Templo Mayor MuseumApril 5 in Mexico
We were thrilled by our walk through the old Aztec ruins but as we came to the end of the walk through the ruins, we came to the museum. Once again we were pleasantly surprised by how amazing it was!
The museum of the Templo Mayor was built in 1987 to house the Templo Mayor Project and its finds—a project which continues work to this day. The Templo Mayor Project’s mission is to excavate the oldest area of the city, around the main plaza. The museum building was built by architect Pedro Ramírez Vázquez, who envisioned ‘a discreet structure that would blend in with the colonial surroundings’. The museum has four floors, three of which are for permanent exhibitions and the fourth has offices for the director, museum administration and research staff.
As we walked in, we saw a model of what Tenochtitlan looked like before the Spaniards arrived.
The museum has eight main exhibition halls, called "salas", each dedicated to a different theme.
Room 1 is dedicated to the goddesses Coatlicue and Coyalxauhqui, mother and sister to Huitzlipochtli, respectively. The first temple artifacts, which were found in the 19th Century, are located in this room associated with the temple, as well the huge stone disk of Coyolxauhqui, which initiated the Templo Mayor Project.
This huge stone disc of Coyolxauhqui (She of Bells on her Cheek) is the pride of the place. We were able to see it more clearly from the top-floor. She is shown decapitated, the result of her murder by Huizilopochtli, her brother, who also killed his 400 brothers en route to becoming the top god.
Room 2 is dedicated to the rituals and sacrifice in Tenochtitlan. This room contains urns where dignitaries, who had died, were placed, funerary offerings, as well as objects associated with self and human sacrifice—such as musical instruments, knives and skulls.
Room 3 demonstrates the economics of the Aztec empire in the form of tribute and trade, with examples of finished products and raw materials from many parts of Mesoamerica.
Sala 4 is dedicated to the god Huitzilopochtli. His shrine at the temple was the most important and largest. This room contains various images of him as well as offerings. Also located here are the two large ceramic statues of the god Mictlantecuhtli which were found in the House of the Eagle Warriors who were dedicated to Huitzilopochtli.
Room 5 is dedicated to Tlaloc, the other principal deity of the Aztecs and one of the oldest in Mesoamerica. This room contains various images of the god usually worked in green or volcanic stone or in ceramic. The most prized work is a large pot with the god’s face in high relief that still preserves much of the original blue paint.

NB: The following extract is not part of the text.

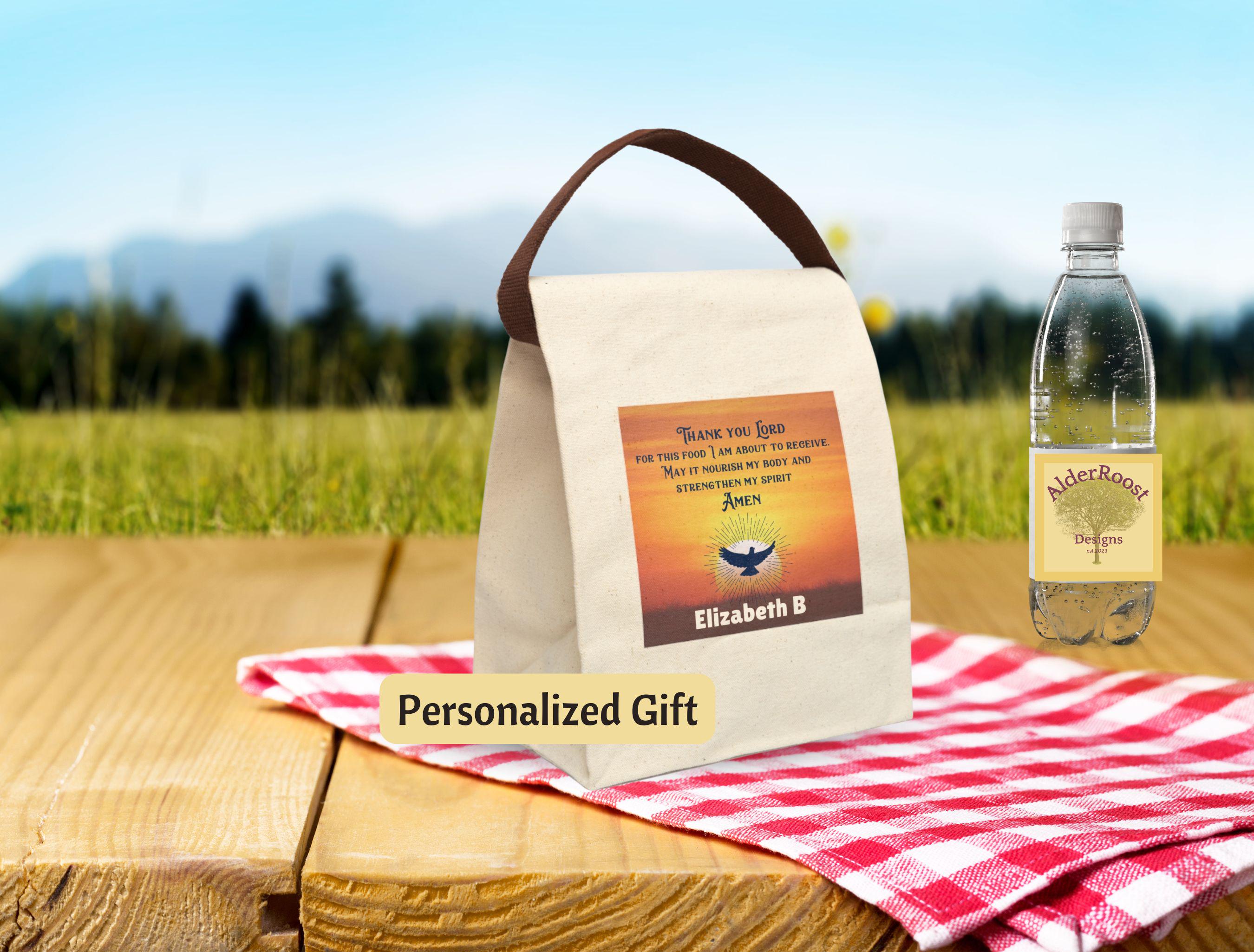 Personalized Christian Lunch Bag with Prayer Cotton Canvas Roll Top Tote - Thank You Lord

Room 6 is dedicated to the flora and fauna of Mesoamerica at this time, as most contained divine aspects for the Aztecs. Also many of the offerings found at the Templo Mayor were or were made from various plants and animals.
Room 7 contains exhibits of the agricultural technology of the time, especially in the growing of corn and the construction of chinampas, the so-called "floating gardens".
The last room is Room 8, which is dedicated to the archeology and history of the site.